The project is organized into a clean and logical file tree to separate concerns.
pokemon_analysis_project/
├── production-notebook.ipynb # A notebook the breaks everything down
├── pokemon_analyzer/
│ ├── __init__.py # Makes the directory a Python package
│ ├── get_data.py # Fetches data from the API
│ ├── clean_data.py # Cleans and preprocesses raw data
│ ├── feature_engineering.py # Creates new data features
│ ├── create_plots.py # Generates visualizations
│ └── main.py # Main pipeline orchestrator
│
├── data/ # Output directory for CSV files (auto-generated)
├── logs/ # Output directory for log files (auto-generated)

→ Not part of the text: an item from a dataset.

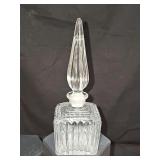 EAPG perfume bottle. Stopper is chipped as shown. 2.25 X 2.25 X 7.25 in tall including stopper.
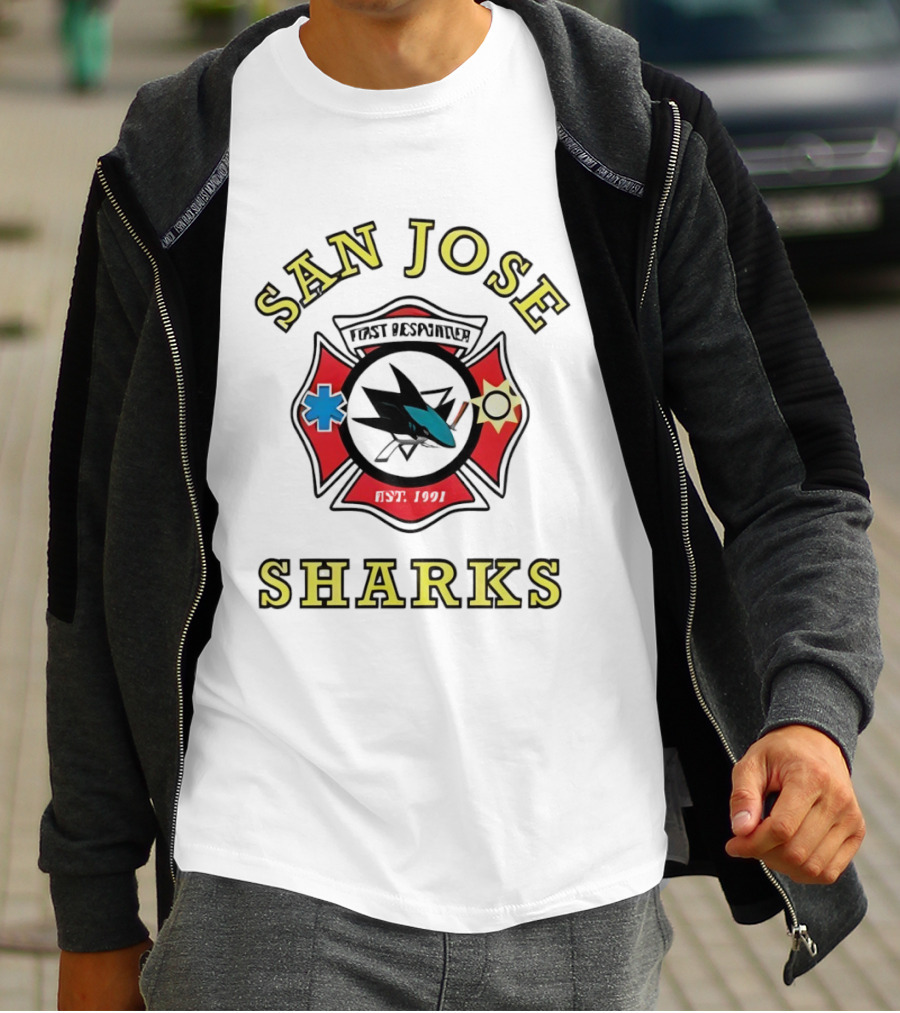 San Jose Sharks First Responder Hockey Collaboration Firefighter EMT Police T-Shirt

├── plots/ # Output directory for HTML plots (auto-generated)
│
└── requirements.txt # Project dependencies-
Modular Pipeline: Each step of the data process (fetch, clean, feature engineer, plot) is in its own script.
-
API Data Fetching: Connects to the PokéAPI to get data for the first 151 Pokémon.
-
Robust Logging: Creates a data_fetch.log file to record the outcome of every API call, perfect for debugging.
-
User-Friendly CLI: A tqdm progress bar shows the status of the data fetching process in the terminal.
-
Data Cleaning: Handles missing values and converts data into standard units (e.g., kg, m).
-
Feature Engineering: Creates new insightful columns like combat_total, bmi, and speed_category.
-
Interactive Visualizations: Generates interactive plots using Plotly and saves them as HTML files.
To get this project running on your local machine, follow these steps.
Clone the repository:
git clone <your-repository-url>
cd pokemon_analysis_projectCreate a virtual environment (recommended):
python3 -m venv venv
source venv/bin/activate # On Windows, use `venv\Scripts\activate`Install the required dependencies: The project dependencies are listed in requirements.txt.
#requirements.txt
pandas
requests
tqdm
plotly
ipython
Install them using pip:
pip install -r requirements.txtThere are two main ways to use this project: run the full pipeline or perform a standalone analysis in a notebook.
This is the primary way to run the project. It will execute all steps from data fetching to plot generation.
From the root directory (pokemon_analysis_project/), run the main.py script:
python pokemon_analyzer/main.pyAfter the pipeline finishes, you will find:
- .csv files for each data stage in the /data directory.
- A detailed log file in the /logs directory.
- Interactive .html plots in the /plots directory.